EDGAR — J'entends d'ici ses jambes claquer, elle mâchouille son pouce, elle est presque prête à le dépecer tout entier, à s'en ronger les os des phalanges ensuite, et elle reste assise à la table de la caravane, pendue à la vitre, à fixer ce ciel, dans l'espoir que le soleil se lève. J'ai l'impression que je n'ai pas perçu sa voix depuis une éternité. Les seuls mouvements que je discerne, ce sont ses tics qui secouent par à-coups ses lèvres, dès qu'elle consulte son téléphone en attente d'un signe. Mais de quel signe ? Parfois, elle ferme les yeux longuement, et quand elle les rouvre, ses rétines s'activent dans tous les sens, comme si elle était à la recherche de quelque chose.
Je suis éreinté et je crois qu'elle l'est aussi, je le vois sous ses yeux, je le remarque à son teint plus blanc que d'habitude, perlé de quelques taches de bauxite sous la mâchoire, et je ne veux pas la laisser ainsi, je veux voir le soleil recolorer sa peau. J'attrape mon casque et lui tends celui qu'on lui a acheté. Elle m'interroge du regard, et je réponds :
— On ne va pas attendre comme des cloportes sous un caillou.
Je sais que mes métaphores lui plaisent, que mes réflexions, elle les adore. Elle le dit tout le temps, et là, dans ce cas présent, ça lui arrache un sourire.
— On va faire un tour.
C'est généralement sacrément classe de lancer ça à une fille, surtout avec un deux-roues, même si le deux-roues en question est un scooter prêt à mourir à chaque intersection.

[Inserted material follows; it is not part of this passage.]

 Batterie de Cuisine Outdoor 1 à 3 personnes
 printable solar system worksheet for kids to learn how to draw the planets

Elle se lève, je pose mon téléphone sur la table en annonçant :
— On laisse ça là, pas besoin de se ruiner la tête.
Elle acquiesce, en abandonnant le sien à côté du mien.
Dehors, je grimpe sur ma machine et la démarre, elle monte dessus, toujours de cette manière instable. Maintenant, sur la départementale, je zigzague sur la route, je sais que ça la fait un peu crier, mais surtout en faisant ça, elle s'accroche plus fort à moi, et j'aime ça, son contact, c'est ce qui me fait tenir dans cette situation. Parce que moi aussi, j'accuse le coup, j'ai la flippe qui me ronge les os, mais je garde mon cap. C'est moi qui ai tout fait pour qu'on réalise ce grand délire, c'est moi qui lui ai cassé les bonbons, et je dois assumer, même si j'ai envie de me planquer sous mes draps et de boire une flopée de mes larmes.

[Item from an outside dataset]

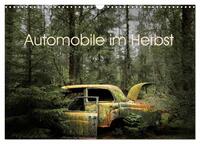 Automobile im Herbst (Wandkalender 2025 DIN A3 quer), CALVENDO Monatskalender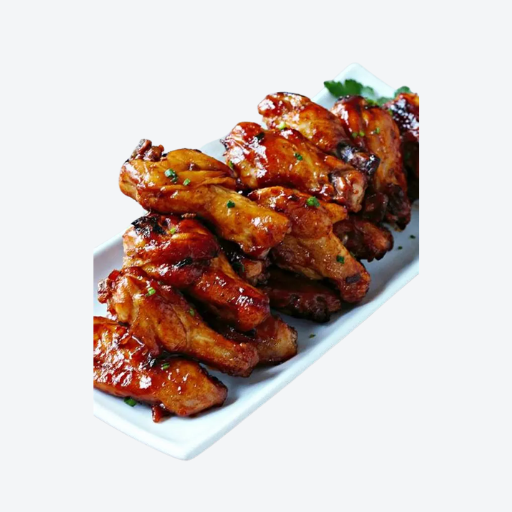 Chicken Wing with Bourbon + BBQ Glaze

Là où je la conduis, c'est encore un endroit extraordinaire, un coin que je ne lui ai jamais montré, que je conservais pour un moment de romance, même si là, ça servira plutôt de catalyseur à émotion. Arrivés sur les lieux, je fais un écart pour passer entre le portail à moitié effondré et un mur de pierre. Je sens qu'elle fixe le panneau : « Interdit d'Entrée, Danger de mort », que moi je lis : « Allez-y, c'est dément. » Je m'engage sur les gravillons, ça nous fait un peu sauter dans tous les sens, et je monte la côte, jusqu'à me stopper en haut du promontoire.

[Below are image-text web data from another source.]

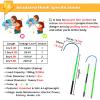 Rescue Hook Stick Electrical Safety Commercial High Voltage Insulated Rescue Hook, Anti-Electrocution Fire Electrical Safety Pole Tool Life-Saving Rod with Non-Slip Handle, for Power Station/Factory E view 2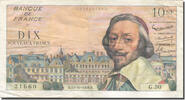 France 10 Nouveaux Francs Richelieu, 1959 AU(55-58) Fayette:57.3 -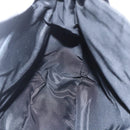 PRADA Chain Shoulder Bag Nylon Black Silver Auth kk583-17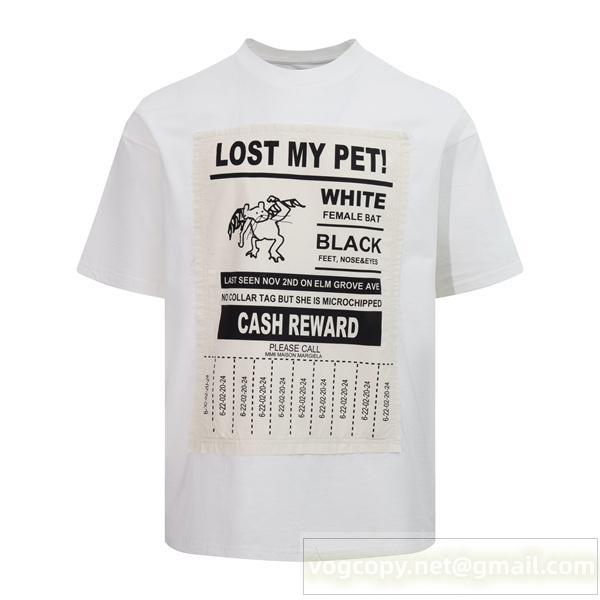 Maison Margiela コピー Tシャツ ロストペット 個性派 独創的 大注目 当店イチオシ マルジェラ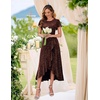 image:imageBeryLove Womens Wedding Guest Dress Sequin Formal Dresses for Women  Stunning evening gowns for women suitable for prom homecoming bridesmaid and mother of the bride formal eventsRose Gold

Elle descend, et je l'aide à enlever son casque. C'est toujours marrant de la voir avec la marque du plastique sur le front, supplément rougissement qui la transforme en jolie tomate.
Elle contemple, ébahie, la carrière dans un état d'abandon certain. Certaines machines ont l'air de s'être arrêtées en plein mouvement, ouvrant à l'infini la terre comme une noisette. Je n'ai pas choisi cet endroit pour rien. D'ici, tout en haut, au loin, une nappe de points jaunes clignote. C'est Marseille tout entière qui nous fait des centaines de clins d'œil furtifs.
Je rejoins Élisabeth déjà au bord du précipice, découpé en strates. Elle n'a jamais peur de rien elle. Ça ne la dérangerait pas de chuter et de se retrouver un étage plus bas, sur la plateforme du dessous, qui est très clairement en train de s'effondrer. Je me penche en avant, pour mieux voir le mille-feuille, mais surtout, les tonnes de bagnoles qui gisent au fond de la brèche. En même temps, quoi de mieux pour foutre toutes les conneries de la terre qu'un gros trou. Je me demande combien de voitures là-dedans sont déclarées à l'assurance, volées, et ça me donne une idée pour un futur sans sous, où je pourrais aussi faire des arnaques à l'assurance.
Mais pour quel après ?
Tout ça me file le vertige, je m'assieds en commentant :
— D'ici, on va pouvoir voir la réaction des gens.
Élisabeth se tourne, un air curieux sur la figure, avant de comprendre ma blague idiote et de souffler par le nez en se laissant tomber à côté de moi. Nos pieds battent à l'unisson dans le vide, je me demande si c'est les mêmes notes, ou si, tout du moins, elles s'accordent. C'est vrai, ça, et je me perds dans mes pensées : et si tout ça, notre action, c'était qu'un pet mouillé ?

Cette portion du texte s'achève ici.